X1testSS = SS_scaler.transform(X1_test)
X1testMM = MM_scaler.transform(X1_test)

#X1SS_test = pd.DataFrame(X1testSS, columns=X_nan.columns)
#X1MM_test = pd.DataFrame(X1testMM, columns=X_nan.columns)

## Export Test and Training Data<a id='Export_the_Data'></a>

In [28]:
# save the data to a new csv file
#XtrainSS.to_csv("C:/Users/jmhat/Desktop/Coding/Capstone2/data/XtrainSS.csv", index=False)
np.savetxt('XtrainSS.csv', XtrainSS, delimiter=',')

In [29]:
#XtrainMM.to_csv("C:/Users/jmhat/Desktop/Coding/Capstone2/data/XtrainMM.csv", index=False)
np.savetxt('XtrainMM.csv', XtrainMM, delimiter=',')

In [30]:
#X1trainSS.to_csv("C:/Users/jmhat/Desktop/Coding/Capstone2/data/X1trainSS.csv", index=False)
np.savetxt('X1trainSS.csv', X1trainSS, delimiter=',')

In [31]:
#X1trainMM.to_csv("C:/Users/jmhat/Desktop/Coding/Capstone2/data/X1trainMM.csv", index=False)
np.savetxt('X1trainMM.csv', X1trainMM, delimiter=',')

In [32]:
#XtestSS.to_csv("C:/Users/jmhat/Desktop/Coding/Capstone2/data/XtestSS.csv", index=False)
np.savetxt('XtestSS.csv', XtestSS, delimiter=',')

In [33]:
#XtestMM.to_csv("C:/Users/jmhat/Desktop/Coding/Capstone2/data/XtestMM.csv", index=False)
np.savetxt('XtestMM.csv', XtestMM, delimiter=',')

In [34]:
#X1testSS.to_csv("C:/Users/jmhat/Desktop/Coding/Capstone2/data/X1testSS.csv", index=False)
np.savetxt('X1testSS.csv', X1testSS, delimiter=',')

In [35]:
#X1testMM.to_csv("C:/Users/jmhat/Desktop/Coding/Capstone2/data/X1testMM.csv", index=False)
np.savetxt('X1testMM.csv', X1testMM, delimiter=',')

In [36]:
#X_train.to_csv("C:/Users/jmhat/Desktop/Coding/Capstone2/data/X_train.csv", index=False)
np.savetxt('X_train.csv', X_train, delimiter=',')

In [37]:
#X_test.to_csv("C:/Users/jmhat/Desktop/Coding/Capstone2/data/X_test.csv", index=False)
np.savetxt('X_test.csv', X_test, delimiter=',')

In [38]:
#y_train.to_csv("C:/Users/jmhat/Desktop/Coding/Capstone2/data/y_train.csv", index=False)
np.savetxt('y_train.csv', y_train, delimiter=',')

In [39]:
#y_test.to_csv("C:/Users/jmhat/Desktop/Coding/Capstone2/data/y_test.csv", index=False)
np.savetxt('y_test.csv', y_test, delimiter=',')

In [40]:
#X1_train.to_csv("C:/Users/jmhat/Desktop/Coding/Capstone2/data/X1_train.csv", index=False)
np.savetxt('X1_train.csv', X1_train, delimiter=',')

In [41]:
#X1_test.to_csv("C:/Users/jmhat/Desktop/Coding/Capstone2/data/X1_test.csv", index=False)
np.savetxt('X1_test.csv', X1_test, delimiter=',')

In [42]:
#y1_train.to_csv("C:/Users/jmhat/Desktop/Coding/Capstone2/data/y1_train.csv", index=False)
np.savetxt('y1_train.csv', y1_train, delimiter=',')

In [43]:
#y1_test.to_csv("C:/Users/jmhat/Desktop/Coding/Capstone2/data/y1_test.csv", index=False)
np.savetxt('y1_test.csv', y1_test, delimiter=',')

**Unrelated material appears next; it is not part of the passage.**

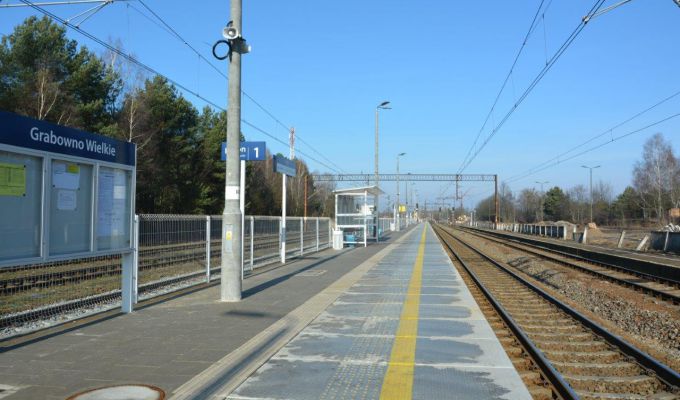 Rośnie znaczenie kolei na Dolnym Śląsku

## Summary<a id='Summary'></a>

In this notebook, I finished the final pre-processing and split the data from the two dataframes into training and test elements. I will now be able to use these sets of data to run machine learning models to determine if there are any features that accuractely predict the weekly sales experienced by these stores. I will also use the scaled and unscaled data to determine if scaling helps my machine learning models.